7 replies on “Translation of Vol. 1 of Ge Zhaoguang’s Intellectual History Published”

  1. Hi Steve,

    thanks for sharing this information! I have used Ge Zhaoguang’s history in class in Taipei; indeed, it is a very readable and clear introduction to Chinese intellectual history, and students like Ge’s writing style very much. From a more professional standpoint, what is the most noteworthy about this book is the fact that its author largely avoids the term (or the perspective of) “philosophy”. Ge is simply not convinced that there is much “philosophy” in Chinese thought, and instead wants to take Chinese thought seriously in its alterity (i.e. in its religious, political and social contexts). This seems also the reason why Chinese philosophers (at least in Taiwan) do not seem to appreciate this book very much. Ge Zhaoguang does not use much of the hybrid terminology which has been developped by Chinese philosophers in the 20th century. All this is of course highly debatable…

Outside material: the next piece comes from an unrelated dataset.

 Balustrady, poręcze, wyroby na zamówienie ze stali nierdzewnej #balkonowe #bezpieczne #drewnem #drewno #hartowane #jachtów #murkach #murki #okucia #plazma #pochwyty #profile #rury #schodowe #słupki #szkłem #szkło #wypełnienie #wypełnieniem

  2. Won’t read this. I believe Fung Yu-Lan’s “Short History” is much better as an introduction to Chinese philosophy for beginners, for it was written in English by Fung himself and edited by a native speaker of English who worked with Fung. Further, despite Fung’s study in philosophy at a Western university, he actually didn’t employ the terms or the perspectives of Western Philosophy a lot in the little book. But the value of Fung’s “long history” is another problem.

  3. Hi Paul, you don’t need to taste particular things to find that they are unpalatable I think. Usually we can judge things simply by their smell.